This presentation focuses on the effects that the expiring individual income tax
provisions have on CBO’s economic forecast. The effects of other expiring
provisions fall outside the scope of this analysis.
Estimates of the economic and budgetary effects of legislation that would extend
the expiring individual income tax provisions would be produced by the staff of
the Joint Committee on Taxation (JCT) and would depend on the details of the
policy package.
Background
4
Congressional Budget Office, Budgetary Outcomes Under Alternative Assumptions About Spending and Revenues (May 2024), www.cbo.gov/publication/60114, and The Budget and
Economic Outlook: 2024 to 2034 (February 2024), www.cbo.gov/publication/59710.
The budgetary effects of expiration used in this analysis were JCT’s estimates of the
effects of permanently extending the 2017 tax act’s changes to the individual income
tax system. Those estimates, published by CBO in May 2024, are based on CBO’s
February 2024 baseline and are conventional estimates—that is, they do not
account for changes in the size of the economy.
▪ Primary deficits (which exclude net outlays for interest) over the 2025–2034 period
in CBO’s February 2024 baseline are a total of $3.3 trillion smaller, or 1 percent of
GDP less each year, because of the expiration of those provisions.
▪ Total deficits are $3.7 trillion smaller because of expiration.
CBO also analyzed how expiration affected marginal tax rates on labor income and
capital income in its baseline.
▪ Marginal tax rates on labor income and business income taxed as individual
income are higher than they would have been without expiration.
▪ Marginal tax rates on owner-occupied housing are lower because of expiration.
What Estimates Did CBO Use in This Analysis?
5
Congressional Budget Office, The Budget and Economic Outlook: 2018 to 2028 (April 2018), Appendix B, www.cbo.gov/publication/53651.
The full set of provisions in the 2017 tax act, which CBO analyzed in April 2018,
differs from the expiring provisions analyzed here in a few important ways.
▪ The 2017 tax act included a mix of temporary and permanent provisions.
– Permanent changes, including the 14 percentage-point reduction in the
corporate income tax rate, are excluded from this analysis.

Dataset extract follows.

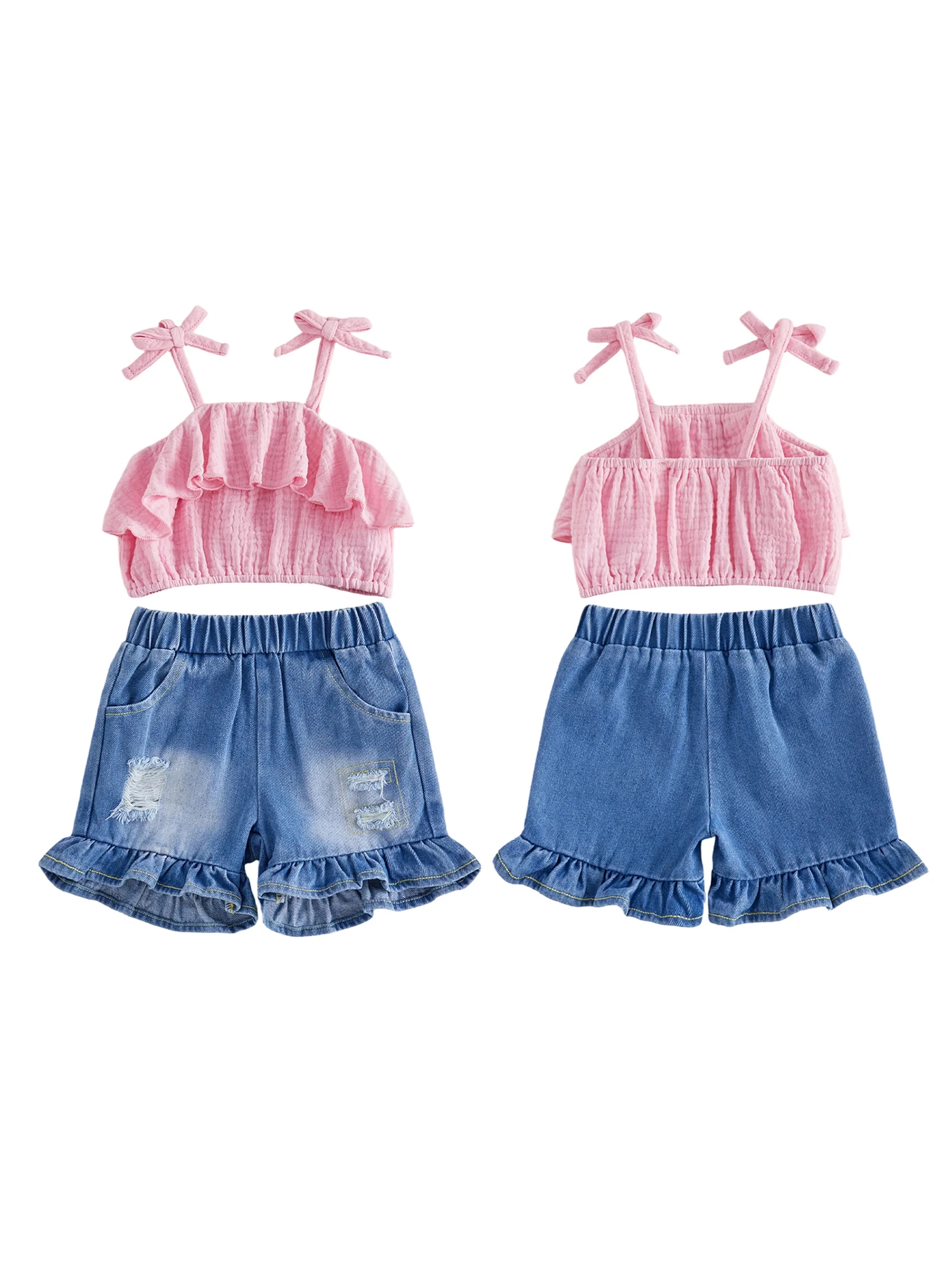 Conjunto completo, estilo verano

– The mix of provisions resulted in the 2017 tax act’s reducing the deficit in
2027 and 2028 in CBO’s 2018 baseline.
▪ The full set of provisions included significant offsets that reduced the
legislation’s net cost. Some of those offsets, including the onetime tax on
previously untaxed foreign earnings and the elimination of the individual health
insurance mandate, had limited or even positive effects on incentives to work
and invest.
▪ This analysis considers the individual provisions in isolation; it does not
address the effects of recent changes to bonus depreciation or to the treatment
of research and experimentation costs.
How Does This Analysis Compare With CBO’s Full Analysis of the
2017 Tax Act?
6
How the Expiring Individual Income
Tax Provisions in the 2017 Tax Act Are
Reflected in CBO’s Economic Forecast
7
For more information about the models that CBO used for this analysis, see Congressional Budget Office, “CBO’s Policy Growth Model” (April 2021), www.cbo.gov/publication/57017;
and Nathaniel Frentz, Jaeger Nelson, Dan Ready, and John Seliski, A Simplified Model of How Macroeconomic Changes Affect the Federal Budget, Working Paper 2020-01
(Congressional Budget Office, January 2020), www.cbo.gov/publication/55884.

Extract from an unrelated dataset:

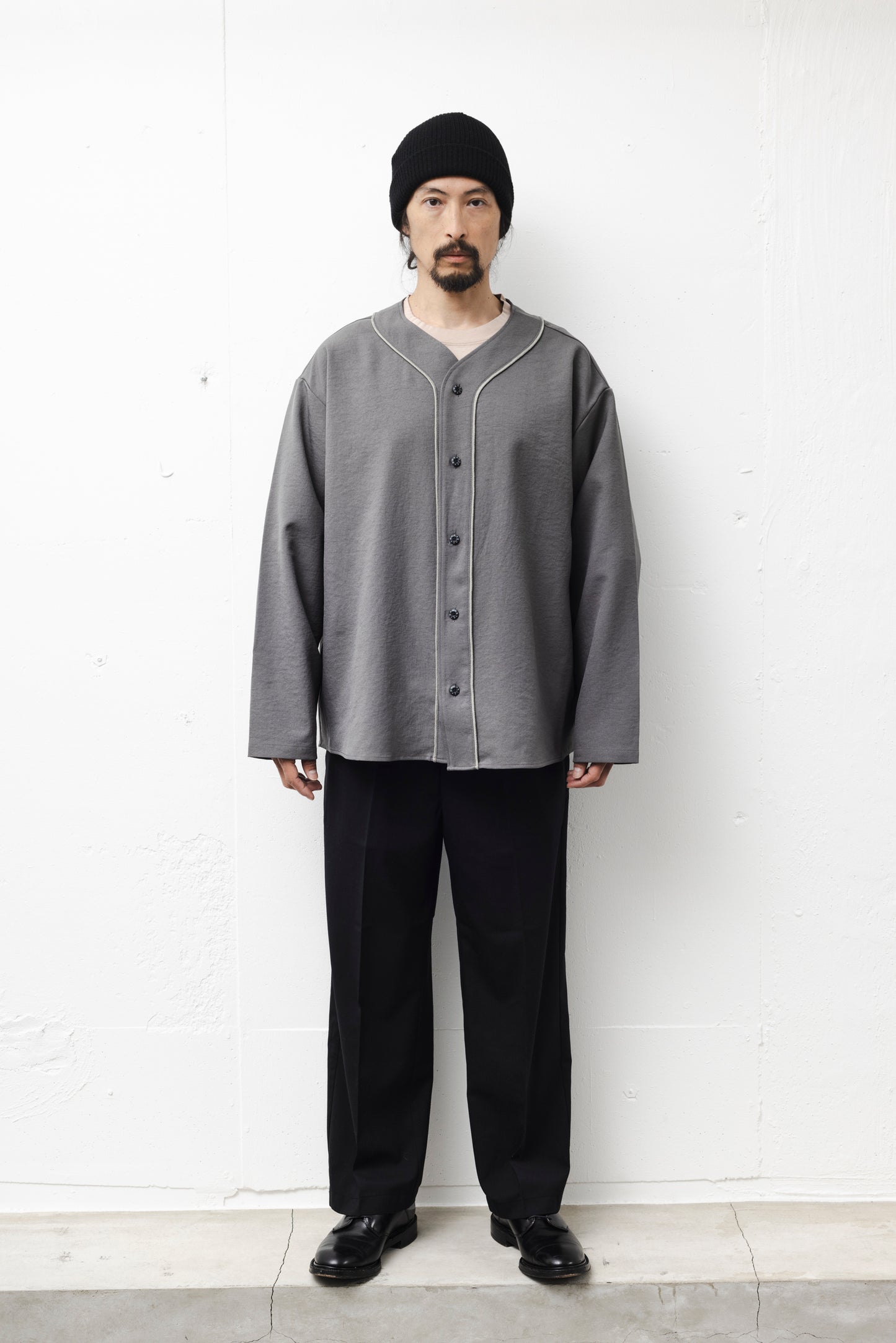 BASEBALL OVER SHIRT / GRAY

For this analysis, CBO compared its economic forecast with an alternative
benchmark that is based on a scenario in which the expiring individual income tax
provisions of the 2017 tax act are permanently extended. (CBO’s economic
forecast is consistent with its budget projections, which are required by the Deficit
Control Act to reflect the assumption that those provisions will expire as scheduled.)
CBO used its economic policy models to construct the economic scenario for the
alternative benchmark and its budgetary feedback model to assess the budgetary
implications of those changes in the economy.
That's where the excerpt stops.